In this embodiment, a second power supply circuit is added to the control module of the photomedical device, and the second power supply circuit is used for supplying power to the first lead-in electrode and the second lead-in electrode, and the second lead-in electrode 70 can be attached to the skin of the human body; for example, a circuit connected with the conductive part of the packaging layer is added on the FPC, and after the second power supply circuit is communicated with a power supply, the packaging layer and the skin form an electric field so that the medicine is migrated into the body; the medicine is absorbed by the skin more, so that the curative effect of phototreatment and medicine is more obvious. The second power supply circuit may be a separately provided circuit or may be a circuit integrated within the photomedical device control module.
Mode two: on the basis of the first embodiment, the photomedical apparatus alternately supplies power to the photomechanical layer and the electric field, that is, the first power supply circuit 91 and the second power supply circuit 92 alternately supply power. When both the first power supply circuit 91 and the second power supply circuit 92 are supplied with power by an integrated circuit integrated within a control chip of the photomedical apparatus, then switching of the first power supply circuit 91 and the second power supply circuit 92 can be achieved by setting a control program of the integrated circuit.
This approach is preferably applicable to the case shown in fig. 1 and 3, where the electric field for drug introduction crosses the various device layers of the OLED, and the operating circuit of the OLED and the electric field circuit for drug introduction are operated separately, so that the effect of the electric field for drug introduction on the operation of the OLED can be avoided.
Mode three: as shown in fig. 5 and 6, the first lead-in electrode is electrically connected to the positive electrode layer 20; i.e., the conductive portion of the encapsulation layer is connected to the positive electrode layer 20; the optical medical device alternately supplies power to the optical functional layer and the electric field through a control circuit; the switching of the control circuit can be realized by setting a control program of the integrated circuit, and the control circuit is the integrated circuit in the control chip. The control chip can be a single chip microcomputer or an ARM controller, for example.

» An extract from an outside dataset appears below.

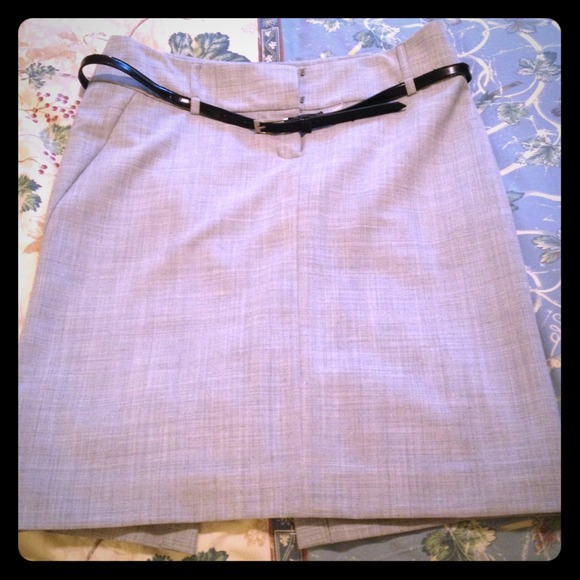 Gray high-waisted pencil skirt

The power supply circuit of the photomedical device includes a first power supply terminal 93 and a second power supply terminal 94 having opposite electric polarities, the first power supply terminal 93 being electrically connected to the positive electrode layer 20, and the second power supply terminal 94 being alternately electrically connected to the second lead-in electrode 70 and the negative electrode layer 30. In the present embodiment, the switching of the connection state of the second power supply terminal 94 is achieved by the control circuit 95, and when the second power supply terminal 94 is connected to the second introduction electrode 70, a drug introduction electric field is formed between the positive electrode layer connected to the encapsulation layer and the human tissue 80; when the second power supply terminal 94 is electrically connected to the negative electrode layer 30, the photo-functional layer of the photo-medical device operates and emits light for photo-medical treatment. The mode not only realizes the power supply of the two functional circuits, but also realizes the switching work of the two functional circuits, and avoids the mutual influence.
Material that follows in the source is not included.